After a hiatus in 1866, Cremona and Brioschi proposed to stop publication of the journal due to Tortolini's "mishandling" — according to their opinion. The political process of unification was very long and painful and the role played by the Church was not exactly pointing toward unification. The Annali finally moved to Milan in 1867 to distance itself from the Papal State. Cremona and Brioschi called for another new journal series enlisting the collaboration of Europe's leading mathematicians. Tortolini once again graciously went along. The second series ran from July 1867 to May 1868 but that was only the first volume. The second series lasted way longer. The new Annali saw contributions from Alfred Clebsch, Elwin Christoffel, Paul Gordan, Camille Jordan, Cayley, Charles Hermite, Rudolf Sturm, Carl Neumann, Hermann Schwarz and Georg Friedrich Bernhard Riemann. Pari passu, Tortolini's influence over the content of the second series ebbed. At the end of the century, the new journal had become one of Europe's premiere mathematical journals. This new Annali enjoys continuity into the present day.

==L'envoi==

In the early years, in his role as sole editor of the Annali, Tortolini corresponded with all the major scientists of his day. Aside from Betti, Tortolini was one of the few Italian contemporaries to tap into foreign journals and by doing so established a rapport with the finest minds of his time including Carl Friedrich Gauss, Joseph Louis Lagrange, Cauchy, Riemann, Luigi Bianchi, Tullio Levi-Civita, Charles Hermite, Niels Abel, Peter Gustav Lejeune Dirichlet, Sir William Thomson, Augustus De Morgan, J. J. Sylvester, Gabriel Lamé, and Eugenio Beltrami. His contributions to mathematical research — over one hundred papers — have yet to be assessed on their own merits.

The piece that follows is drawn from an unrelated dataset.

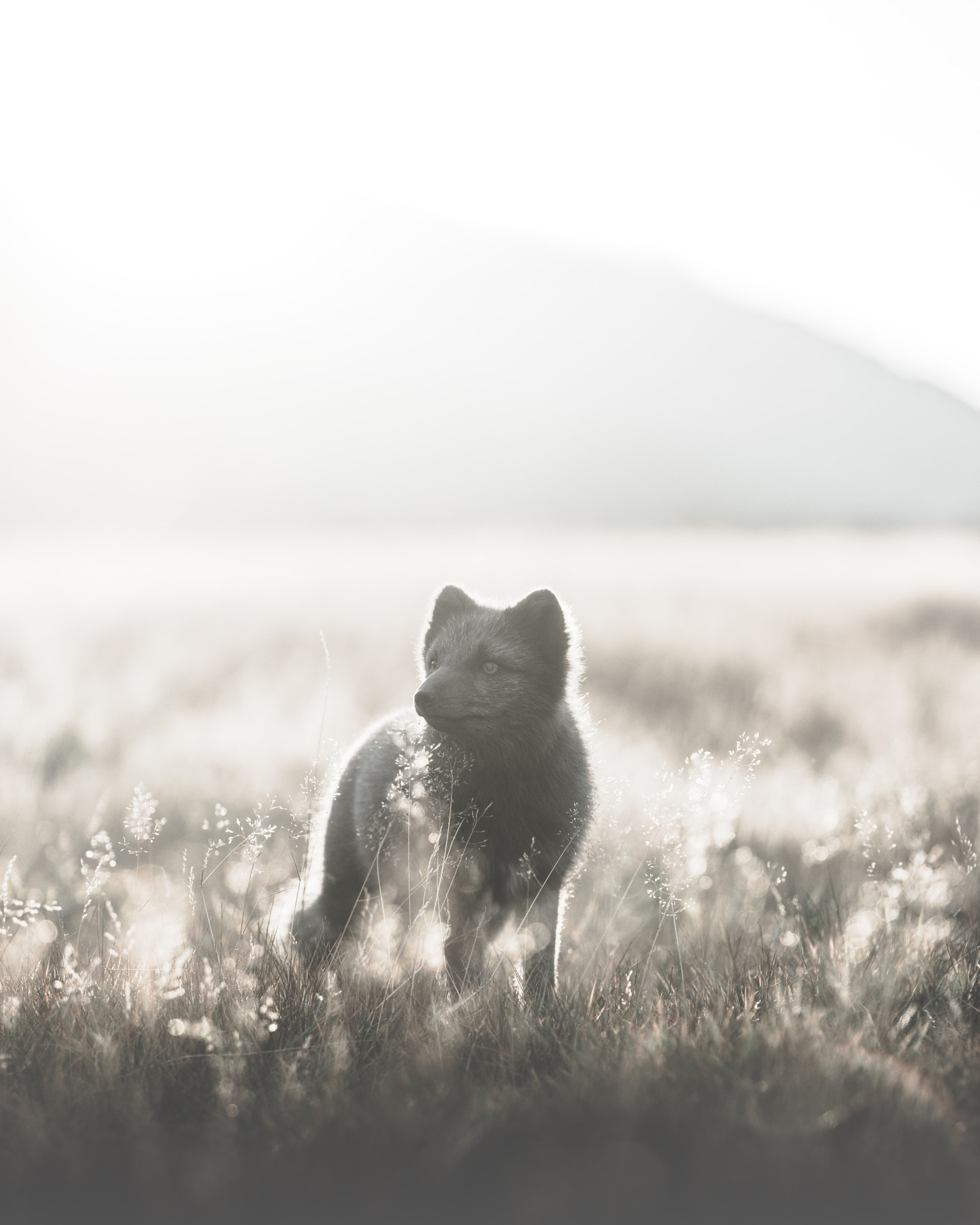 Canon EF 70-200mm F2.8L IS II USM sample photo. What do you dream of? photography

On 20 September 1870, after refusing to sign a loyalty oath to the King of Italy upon invasion and occupation of Roma by the Italian troops led by Raffaele Cadorna, Tortolini lost the chair of calculus at Roma. A year earlier he had become paralyzed and was ultimately forced to retire his various positions. He died in Ariccia, Rome, on 24 August 1874.

== Honors ==
The street "Via Barnaba Tortolini" in Rome is named for Tortolini.

== Footnotes ==

- For a list of Tortolini's mathematical works, see Vincenzo Diorio, “Interno alla vita e ai lavori di Monsignore D. Barnaba Tortolini,” Atti della Accademia Pontificia dei Nuovi Lincei 28 (1874): pp. 93-106 on pp. 100-106.